** Data segment follows **

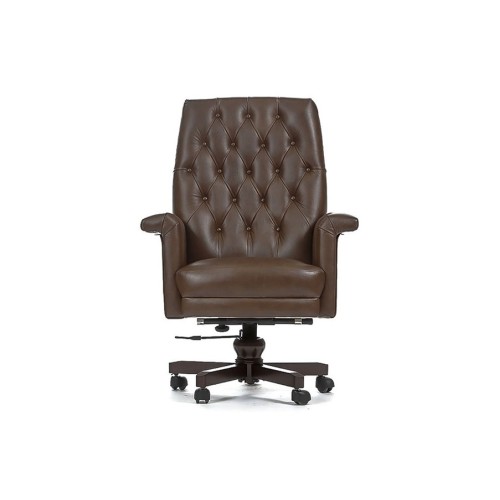 Кресло для руководителя Монарх А (деревянная крестовина)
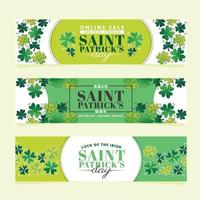 St. Patrick's Day Shamrock Banners vector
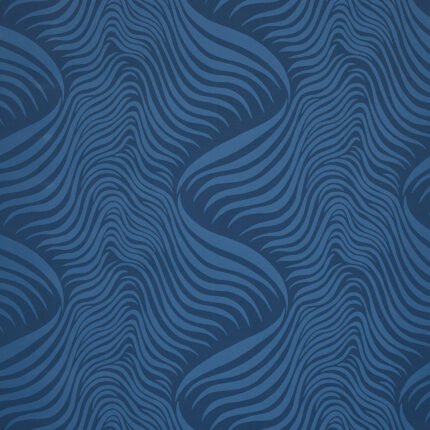SAUVAGE NAVY Wallcovering by Schumacher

** End of Data segment **

Leave the pictures out and restate the listing word for word.

[Solution to this task]
 Кресло для руководителя Монарх А (деревянная крестовина)
 St. Patrick's Day Shamrock Banners vector
SAUVAGE NAVY Wallcovering by Schumacher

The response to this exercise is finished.